Thanks in all things

Thanks in all things January 16, 2013

Thomas relies heavily on Aristotle, Cicero, and Seneca in his discussion of gratitude, but at one crucial point he introduces a distinctively Christian theme. Must we thank everyone who does us a beneficium ? Thomas answers with 1 Thessalonians 5:18: In all things give thanks.

Ultimately, since God is cause of all things, thanks is due for all things and in all circumstances to God. But that means that benefactors serve God’s purposes, and that in turn means that the recipient should respond to a benefactor with a gratitude that matches “their relationship.”

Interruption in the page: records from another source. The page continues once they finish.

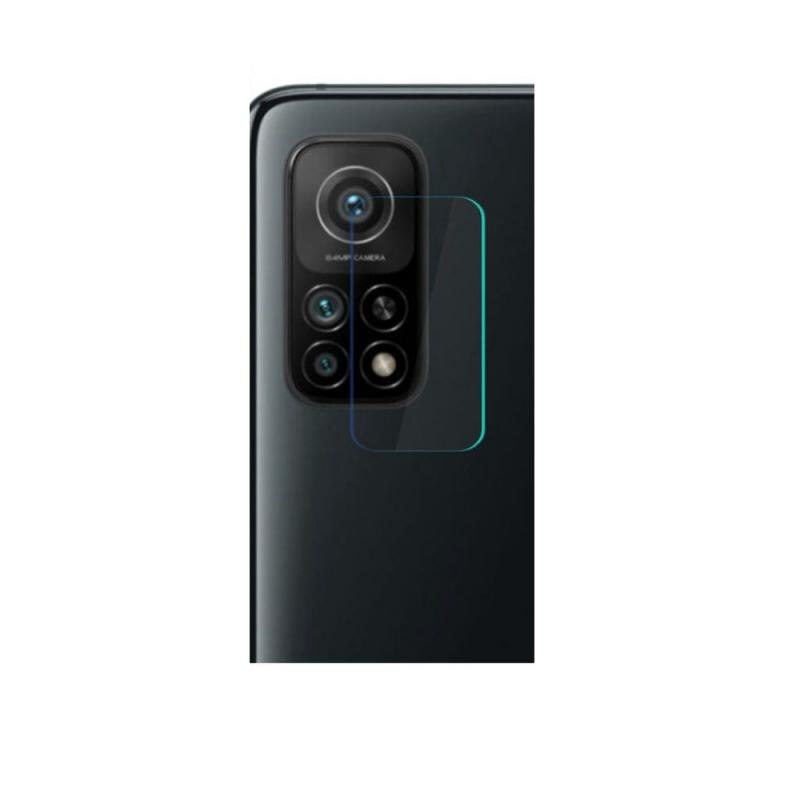 Folie protectie camera foto 3MK Flexible Glass compatibila cu Xiaomi 11T / 11T Pro Set 4 bucati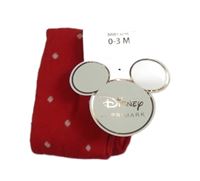 -Nové Červené bodkovaná é pančuchy Primark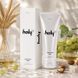 Маска для фарбованого волосся - holy tone protect mask 250 мл HL014 фото 2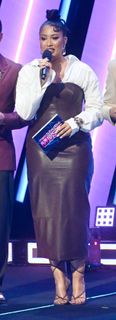 Patricia Kazadi feet photo 14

Seneca said something similar, but Paul enables Thomas to affirm global gratitude more fully than Seneca. It is difficult for Seneca to make sense of thanking someone who does a favor only for his own benefit. A Christian, however, can see God’s causal hand in the benefit, overriding the wrong motives of the benefactor. Because of his gratitude to God, the Christian is more apt to see the good in the benefit rather than the evil of the motivation.

Seneca and Thomas agree that slaves can do benefits, if he does something above and beyond his duty. But Thomas’s theological starting point more strongly mutes the role of social standing. One doing a kindness, Thomas says, “as the source of a good, has a claim to honor and reverence.” On the same page, he argues that “there must be gratitude even towards slaves when they do more than what is required.” Reverence and honor to slaves fits much more neatly in a Christian framework than a Roman one. Even Stoics convinced of the equality of all men did not worship a God who took the form of a slave.